Pay-per-click (PPC) advertising can help any business reach customers that may otherwise go elsewhere with their money. Proper PPC management helps the little guys compete with the big boys, including heavyweight franchise businesses and big box stores like Walmart. It can also be very costly when you don’t know the basics, stumble on keyword choices or fail to closely monitor your campaigns while they’re running.
Since we’re here today to learn about improving results, I’ll assume you know a thing or two about setting up ads. Here’s 3 ways to improve on your existing and future PPC campaigns, for more targeted clicks and better ROIs.
1. Search vs Display: Which network do you really need?
Google likes to sneakily set your campaign preferences to both options by default. However, most small businesses may not benefit from both in all campaigns they run.
The benefit of search ads to an SMB owner should be obvious, particularly the geo-targeted variety. You pay for specific keywords, allowing you to compete with other brands, and hopefully get paying customers to justify the ad spend. If your keywords are effective and your bids are competitive, you’ll likely get good ROI using search ads on their own without display ads.

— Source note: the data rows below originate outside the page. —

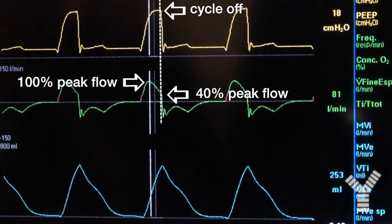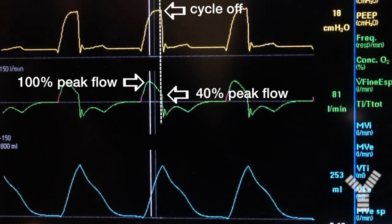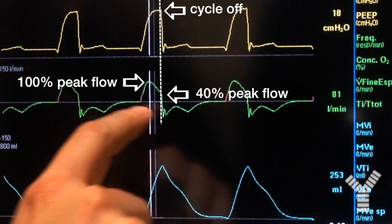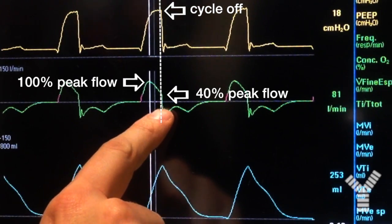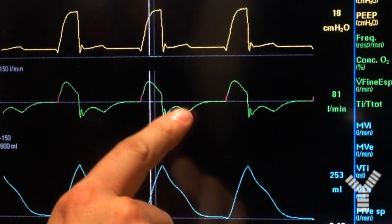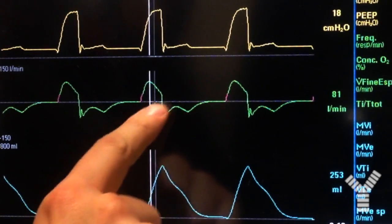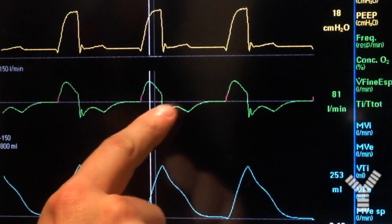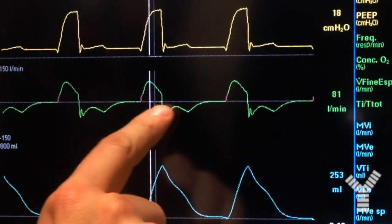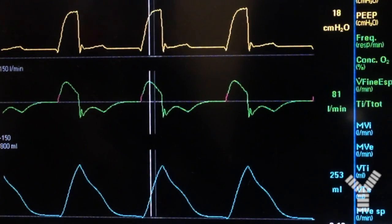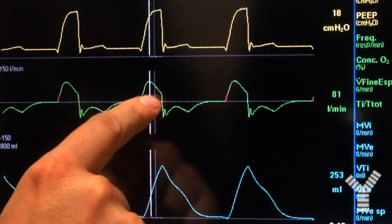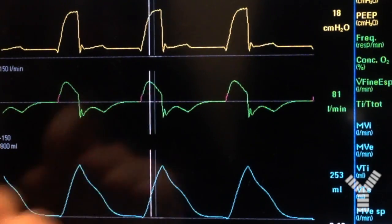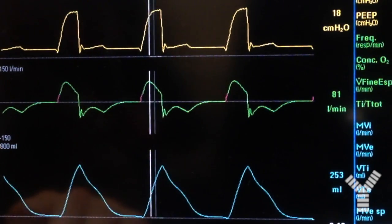In this case, cycling occurs too early, as we see from the shape of the expiratory flow that indicates the presence of residual inspiratory effort from the patient during his transition to expiration.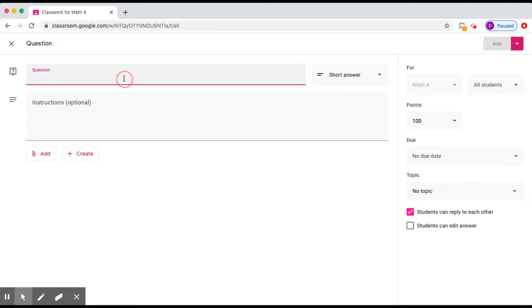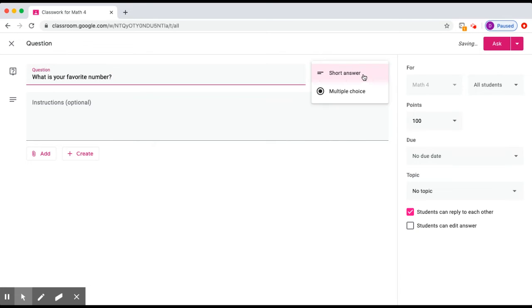Here you can ask questions to your class, and you can also have them answer by short answer or multiple choice.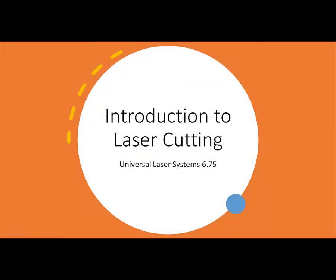Welcome back to Westwood Engineering. Today we're going to talk about how to use the laser cutter in our lab. We're specifically going to address this presentation towards using the Universal Laser Systems 6.75, 75 watt laser cutter. Let's get rolling.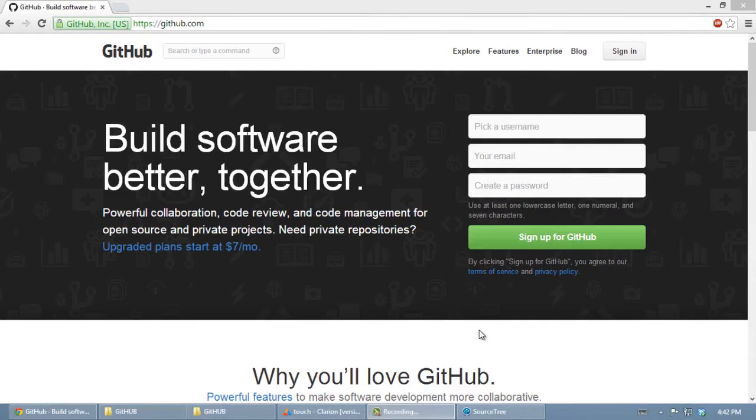Before we start collaborating with SoftVelocity on GitHub, we need a couple things. First,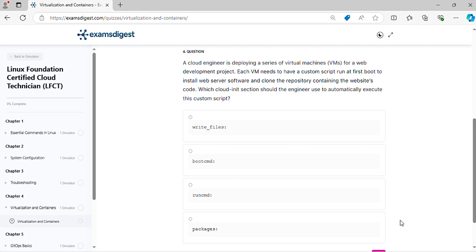Question 4. A cloud engineer is deploying a series of virtual machines for a web development project. Each VM needs to have a custom script run at first boot to install web server software and clone the repository containing the website's code. Which cloud-init section should the engineer use to automatically execute this custom script?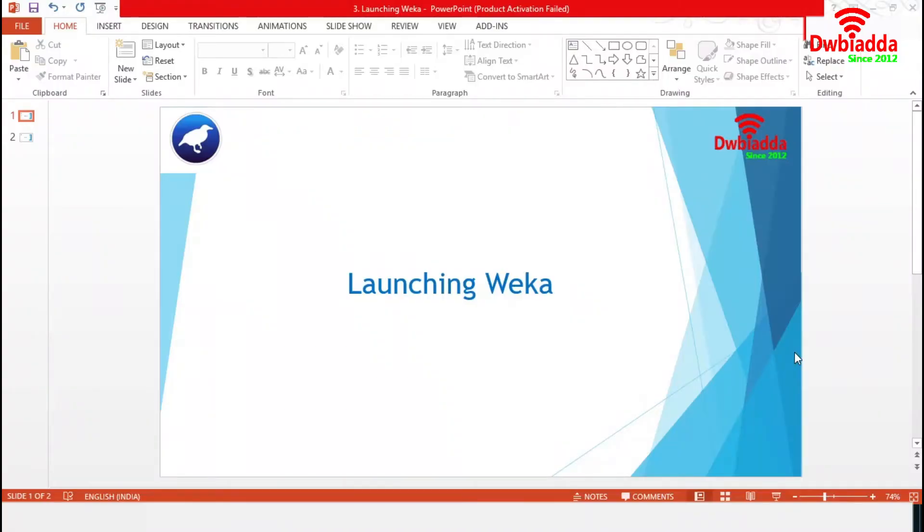Hello Viewers, we are back again with a new topic on Weka. In our previous session, we installed Weka on Windows and Ubuntu platforms. Today, from this session, we are going to start exploration of Weka. Let's start the session.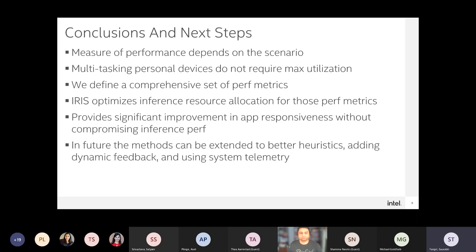To conclude, even when looking at AI in isolation, we should first think about the scenario we're targeting and not forget what AI was meant for. Performance should be measured beyond just inferences per second. The IRIS algorithm factors in all these things and uses heuristics to make more informed choices to give suggestions to the software stack on how to be more effective in improving performance.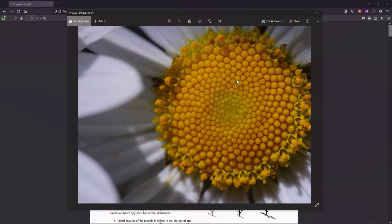Have you ever looked at a flower head like this one? You see that the seeds are distributed in a very distinct pattern. They form spirals, spiraling outwards from the center, and they are closely packed, making use of all the space available to them. This pattern is called phyllotaxis, and it emerges due to the special angle used to place successive seeds. If you measure the angle between two successive seeds, you will find that it is roughly 137.5 degrees.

Display ads are more of a slippery slope depending on what kind of business you’re running. Google and other display networks use cookies to target users who’ve clicked on the keywords you purchase in the past, then serve them up whenever that user visits a site that allows their banner ads. Display ads are beneficial for branding but often ineffective for triggering clicks.
Pointless impressions vs smart branding:
If you sold a car to “Mary” based on a lead from an AdWords campaign two months ago, display ads could cost you a lot of money on non-productive impressions, serving up those ads to her over and over again – regardless if they’re personalized or not – considering she’s no longer searching for a car and will likely be a great source of free ($$$) referrals moving forward.
If, on the other hand, you own the best pizza joint in town and someone finds you via the Internet, serving display ads to them over and over again is a great way to keep your brand, and the delicious experience that user had when they last ordered, fresh on their mind.
2. Negative keywords: Just as important as the “positive” kind
Obviously any small business owner should understand how identify search terms that will bring cash-toting customers to their ecommerce or brick-and-mortar storefront. However, you need to monitor your campaigns and filter out negative keywords that cost you money and jack up abandonment rates (which offer zero ROI.)
Negative keywords are most important as you continue to test and tweak each campaign you set up. A common term that can cost a lot of unnecessary money in ad spend are words like “free,” “discount” or “cheap”. Say you’re a high end dentist targeting local search in your area and you start to pull in lots of clicks for “Best cosmetic dentist in Toronto”. You leave your ads running for a week without much concern, only to realize you’ve spent hundreds, maybe thousands on search users looking for related terms like “Best cheap cosmetic dentist in Toronto”. If you filter those words during campaign set up, or as you monitor where clicks are coming from, you’ll save money and patience for your customer service team.
3. Understand your limits: Be realistic with location targeting
An easy way for business owners who are new to PPC to max out their budget and minimize the effectiveness of a campaign is to neglect using the location targeting feature. Additionally, if you’re local or semi-local, you need to have tight limits set in the location targeting filter within your campaign settings in AdWords or Bing Ads, selecting only the areas you can service including shipping distances, if applicable. Otherwise, you’re just making the search engines richer, diminishing/destroying the ROI on your campaigns, and annoying search users who click poorly conceived ads.
Consider how quickly poor geo-targeting can ruin your budget and/or potentially harm your brand’s reputation:
- Will customers visit a mechanic 50 miles from their home when there are 10 licensed garages within throwing distance of their location?
- Do you really want people in another state clicking PPC ads for your catering business when it’s not feasible for you to provide service to them?
- How effective is it to have people in Russia clicking on your ad for discounted air conditioners to be picked up or delivered locally in Fargo, Minnesota?
Don’t get lazy!
Forget about set-and-forget when it comes to PPC campaigns. If you get lazy with SEO, you’ll lose rankings and potential sales. If you get lazy with PPC, you lose out on sales, and to add insult to injury, you get to pay for it too!
Considering you’re spending advertising money to cut to the chase and get the sale right away, you need to have someone at the helm monitoring metrics and tweaking things like network choices, adding negative keywords as they come up, and overall doing whatever it takes, including killing unproductive campaigns to maximize ROI.